─── GIVEN INFORMATION
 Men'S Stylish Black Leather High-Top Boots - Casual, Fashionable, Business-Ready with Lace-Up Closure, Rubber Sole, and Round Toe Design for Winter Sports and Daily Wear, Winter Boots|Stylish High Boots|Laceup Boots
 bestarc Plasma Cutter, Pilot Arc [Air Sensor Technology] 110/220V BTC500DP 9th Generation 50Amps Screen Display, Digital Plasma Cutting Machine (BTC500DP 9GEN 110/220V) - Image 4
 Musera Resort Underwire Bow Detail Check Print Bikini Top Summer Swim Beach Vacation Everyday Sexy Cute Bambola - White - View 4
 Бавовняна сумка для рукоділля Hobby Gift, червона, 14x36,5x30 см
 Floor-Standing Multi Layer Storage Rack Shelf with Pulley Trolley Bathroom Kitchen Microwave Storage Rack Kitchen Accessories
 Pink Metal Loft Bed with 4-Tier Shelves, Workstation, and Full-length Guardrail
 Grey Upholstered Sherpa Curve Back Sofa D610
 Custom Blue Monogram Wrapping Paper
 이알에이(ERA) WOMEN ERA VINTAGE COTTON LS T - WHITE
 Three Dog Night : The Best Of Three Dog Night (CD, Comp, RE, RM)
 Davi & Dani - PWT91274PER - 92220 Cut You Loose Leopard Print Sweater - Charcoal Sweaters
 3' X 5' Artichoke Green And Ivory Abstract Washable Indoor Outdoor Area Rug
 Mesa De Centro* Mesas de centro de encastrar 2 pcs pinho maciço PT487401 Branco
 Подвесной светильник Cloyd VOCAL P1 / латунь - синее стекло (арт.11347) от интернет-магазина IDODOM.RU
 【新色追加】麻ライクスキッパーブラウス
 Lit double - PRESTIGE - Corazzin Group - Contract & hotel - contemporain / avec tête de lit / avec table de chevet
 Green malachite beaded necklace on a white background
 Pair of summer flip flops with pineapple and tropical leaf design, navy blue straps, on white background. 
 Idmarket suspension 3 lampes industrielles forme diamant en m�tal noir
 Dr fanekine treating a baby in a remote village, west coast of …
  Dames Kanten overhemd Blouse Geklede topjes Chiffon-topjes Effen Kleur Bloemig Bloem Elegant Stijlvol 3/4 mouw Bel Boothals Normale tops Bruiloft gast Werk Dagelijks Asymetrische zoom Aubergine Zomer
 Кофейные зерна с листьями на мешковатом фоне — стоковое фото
──────
EXERCISE INSTRUCTIONS — If a line in the listing contains the string "background", copy it.

FINAL ANSWER —
 Green malachite beaded necklace on a white background
 Pair of summer flip flops with pineapple and tropical leaf design, navy blue straps, on white background. 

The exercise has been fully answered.